Shares in PayPal (PYPL) experienced a slight drop as the company’s Q2 earnings and revenue only marginally surpassed estimates. Despite this, the company’s Q3 profit outlook narrowly exceeded expectations. As the search for a new CEO continues, the current CEO, Dan Schulman, announced plans to retire at the end of 2023.
One concerning aspect of PayPal’s Q2 performance was the 7% year-over-year decline in transactional gross profit, which fell short of Street estimates. However, there was some positive news as total payment volume from merchant customers increased by 11% to $376.5 billion.
Unfortunately, PayPal did report a decrease in users during Q2, with a decline of 2.5 million, bringing the total number of users to 431 million. Analysts have been closely watching the CEO search as a potential factor affecting the stock.
Notably, PayPal faces competition from Square-parent Block and other companies in the mobile payments market. This competitive landscape could impact PayPal’s future growth and market share.
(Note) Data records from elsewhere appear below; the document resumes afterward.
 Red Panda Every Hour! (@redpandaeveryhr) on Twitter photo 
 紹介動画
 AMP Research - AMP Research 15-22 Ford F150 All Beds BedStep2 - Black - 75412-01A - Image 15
Considering its stock performance, PayPal has only seen a modest 2% increase in 2023 so far, following a significant decline in 2022. Furthermore, shares have pulled back from their all-time high reached in July 2021.
According to IBD Stock Checkup, PayPal’s stock holds a Relative Strength Rating of 25 out of 99. This rating suggests that the stock’s performance has been weaker compared to other stocks in the market.
Overall, while PayPal’s Q2 results may have disappointed some investors, the company’s Q3 profit outlook shows promise. The ongoing CEO search and competition in the mobile payments market are important factors to watch in the coming months. As PayPal continues its journey, investors will closely monitor its performance and potential for growth.